These costs were covered by sterling which was ‘blocked’ – not to be spent or converted into other currencies.  Congress wished to use this money for large-scale economic development after the war which meant releasing the balances to buy capital equipment, The case was made at Bretton Woods in 1944 where Keynes promised that Britain could be relied on ‘without any delay to settle honourably what was honourably and generously given’.  On returning to London, he published an article arguing for a revision of the agreement between Britain and India on the allocation of the costs of the war. 

Churchill was also unhappy with the situation and in August 1944 asserted the right to readjust the settlement to take account of Britain’s contribution ‘to save India from invasion’.  Leo Amery, the Secretary of State for India, disagreed: ‘When driving to the station to catch a life or death train … I should hardly think that you … would tell the cabby man you have no intention of paying when you get there’.  To Amery, the demand that India should make a larger contribution ‘sounded like a memory from another world.  Unfortunately, that other world is the one that Winston still lives in’.

it was neither equitable nor practical politics to cancel India’s sterling balances.  A refusal to pay would renege on the agreement reached at the start of the war, lead to more unrest, and require more troops to maintain order.  The mother country was now paying India for its contribution to the costs of imperial defence.  Indian independence was a foregone conclusion at the end of the war – it was simply too costly to maintain. 

I am arguing that the allocation of costs and benefits within and between India and Britain reflected more than a dominance by Southern gentlemanly capitalists within Britain and over India.  Rather, we need to analyse he shifting political calculations that changed over time. 

 

Globalisation or Imperialism

The case of Naoroji was that wealth was drained from India to make Britain prosperous.  But to many commentators at the time, and to modern historians,  the question is whether we can separate British imperialism and the emergence of a highly globalised economy in the long nineteenth century.  As we have seen, Indian deindustrialisation was the result of the emergence of mechanised production in Lancashire, quote apart from British rule.

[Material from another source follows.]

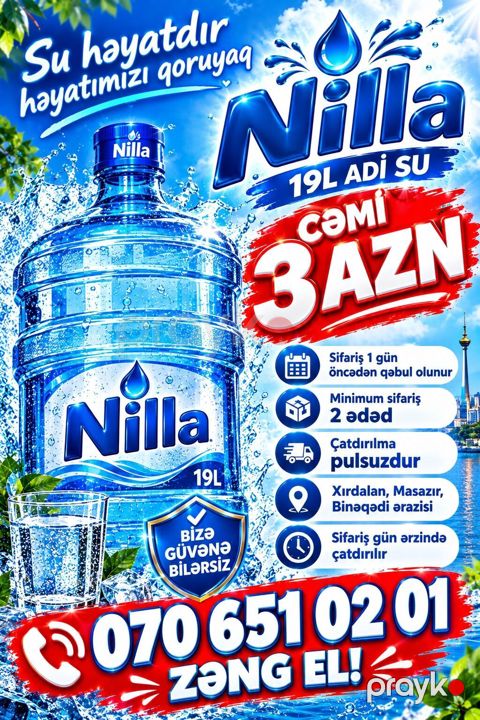 Nilla – 19 litrlik içməli su - Həcm: 19L adi su - Qiymət: cəmi 3 AZN — Xırdalan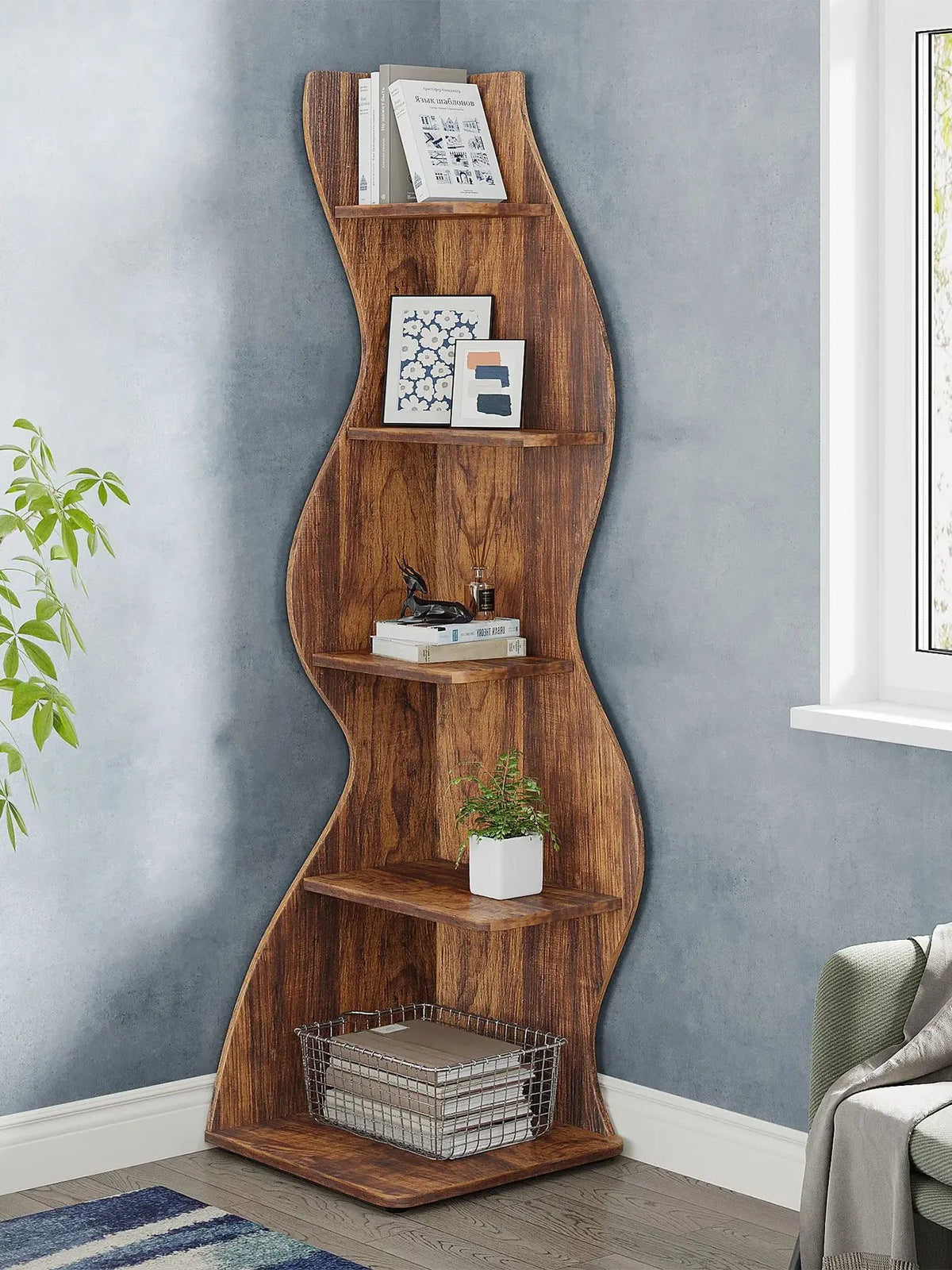 Rustic 5-Tier Corner Wooden Bookshelf, Stylish Bookcase....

Could Britain have secured any benefits from a globalised economy without engaging in formal imperialism which increased defence costs?  There were different views at the time that continue to be fought among historians.

1. Globalisation would have happened anyway, so that the cost of the empire and formal control was unnecessary.

Adam Smith’s Wealth of Nations appeared in 1776, the same year as the American Declaration of Independence.  His Adam Smith’s preference was for Britain to withdraw voluntarily from the Thirteen Colonies. ‘Great Britain derives nothing but loss from the dominion which she assumes over her colonies’, and without the expense of empire, Britain ‘might settle with them such a treaty of commerce as would effectually secure her a free trade, more advantageous to the great body of the people, though less so to the merchants, than the monopoly which she at present enjoys’. 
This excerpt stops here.